• Brief:
Your answer should be the exact lines of the data below from the one containing "Hello, this is" through the one containing "Hello everyone, this"; please include nothing else.

• Records to process:

□ □ □ □ □ □ □

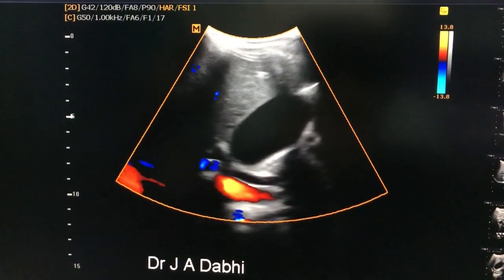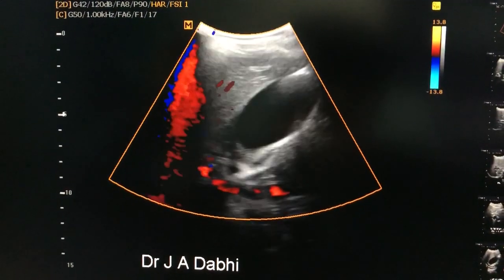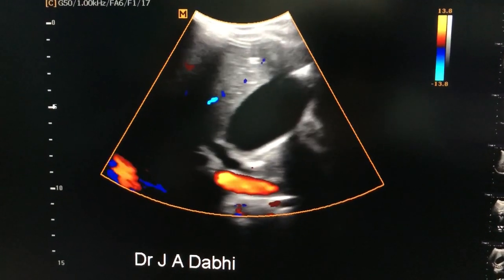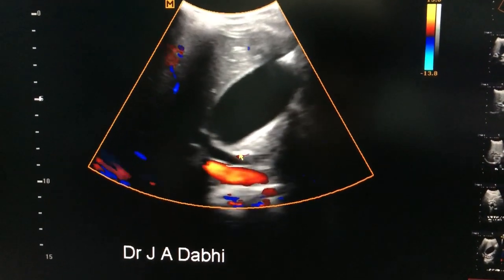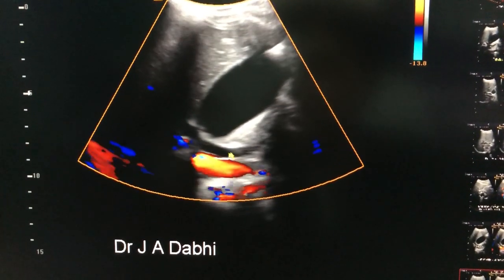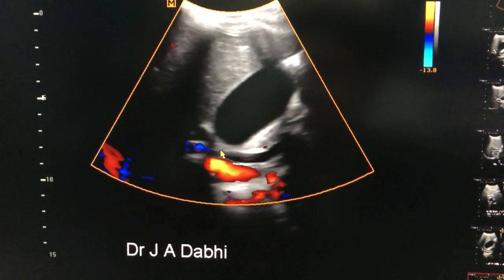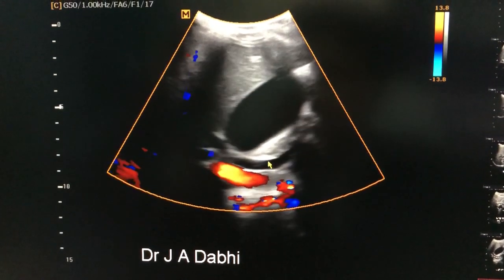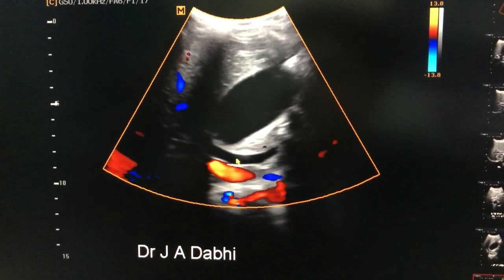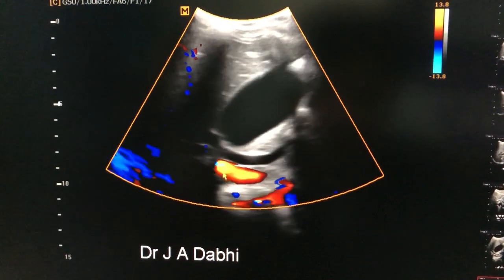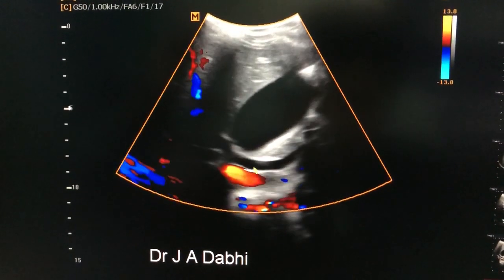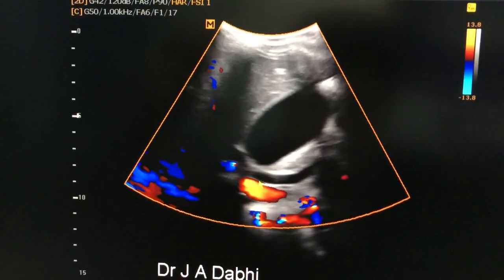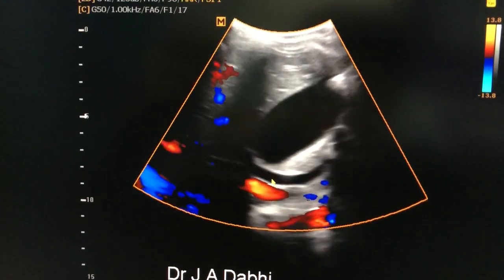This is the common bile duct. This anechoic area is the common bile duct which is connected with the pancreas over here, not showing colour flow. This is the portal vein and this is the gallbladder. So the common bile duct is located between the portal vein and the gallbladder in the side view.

□ □ □ □ □ □ □

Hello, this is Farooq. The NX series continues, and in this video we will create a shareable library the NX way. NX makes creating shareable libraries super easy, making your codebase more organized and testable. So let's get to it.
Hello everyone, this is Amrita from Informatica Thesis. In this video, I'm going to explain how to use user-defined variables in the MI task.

□ □ □ □ □ □ □

• Answer to this exercise:
Hello, this is Farooq. The NX series continues, and in this video we will create a shareable library the NX way. NX makes creating shareable libraries super easy, making your codebase more organized and testable. So let's get to it.
Hello everyone, this is Amrita from Informatica Thesis. In this video, I'm going to explain how to use user-defined variables in the MI task.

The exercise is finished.